___ Data below ___
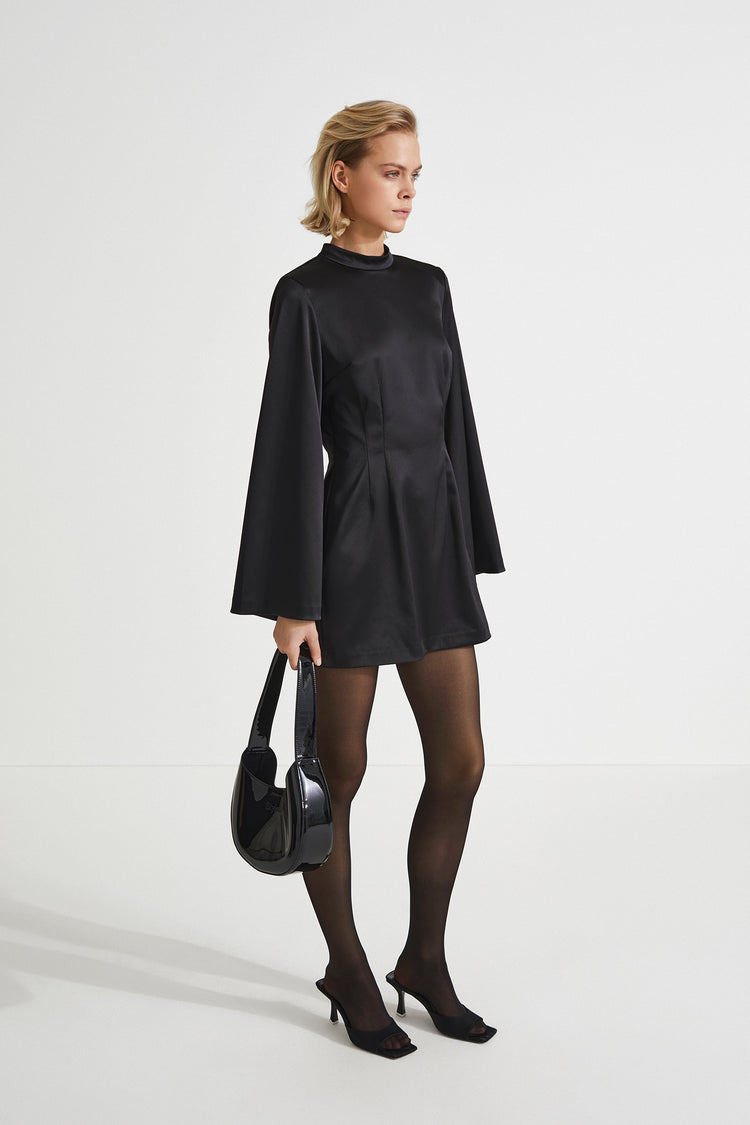 Bernalda dress shiny fabric short semi fitted  collar stand neckline thin shoulder pads flared full length sleeves black stylein side image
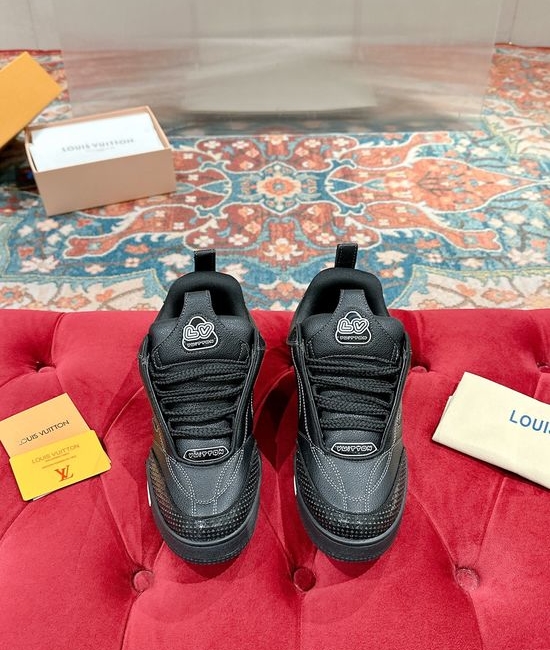 Louis Vuitton LV Premium Leather Classic Casual Sneakers Non-slip Skate Footwear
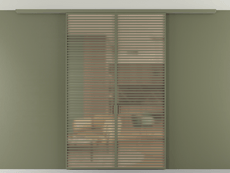 Перегородка Formato вдоль стены на потолок 2 створки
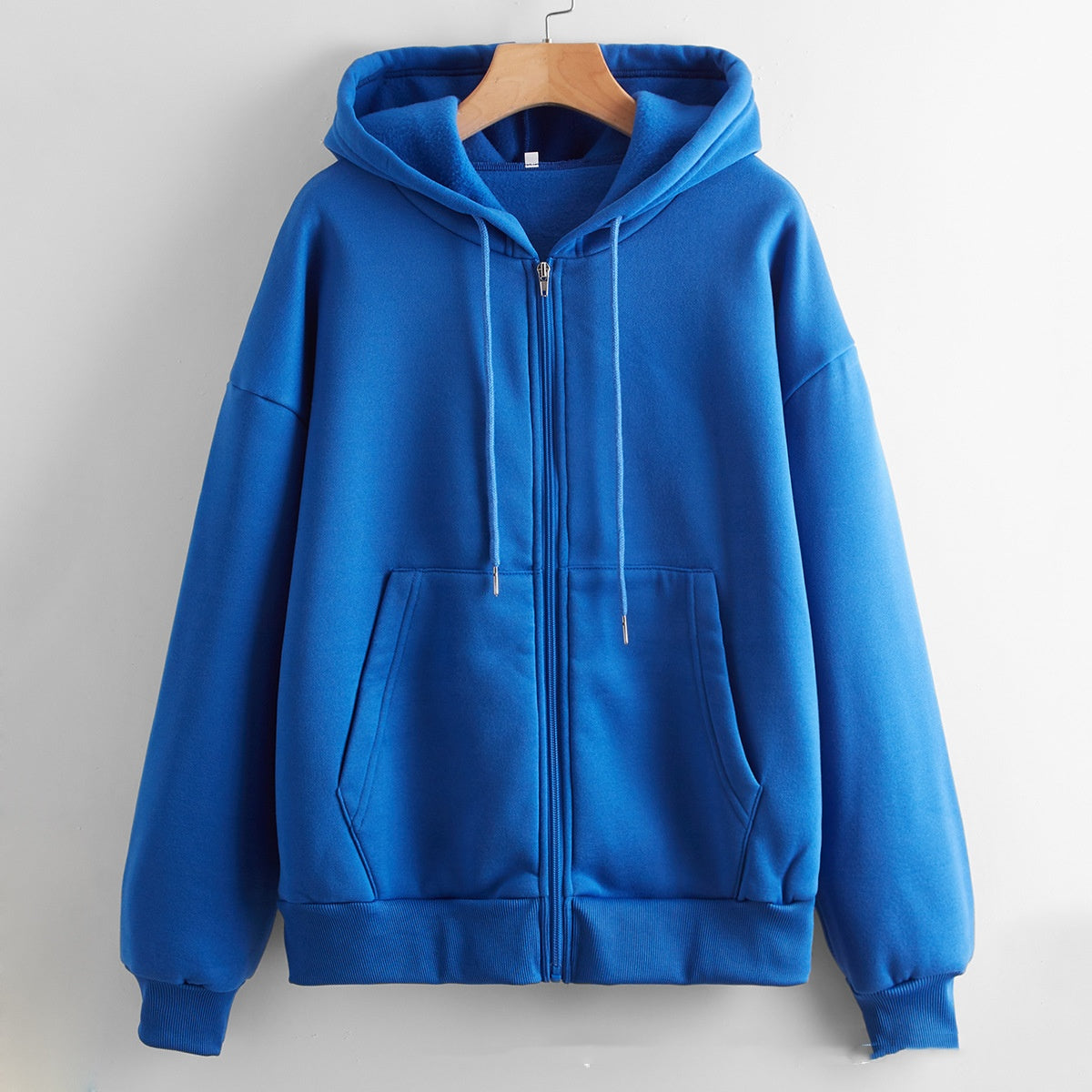 Sweater til kvinder med hætte, ensfarvet, lynlås, løstsiddende, foret frakke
___
### Try it
The expected answer is the listing above, duplicated exactly, with its pictures removed.

### Expected answer
 Bernalda dress shiny fabric short semi fitted  collar stand neckline thin shoulder pads flared full length sleeves black stylein side image
 Louis Vuitton LV Premium Leather Classic Casual Sneakers Non-slip Skate Footwear
 Перегородка Formato вдоль стены на потолок 2 створки
 Sweater til kvinder med hætte, ensfarvet, lynlås, løstsiddende, foret frakke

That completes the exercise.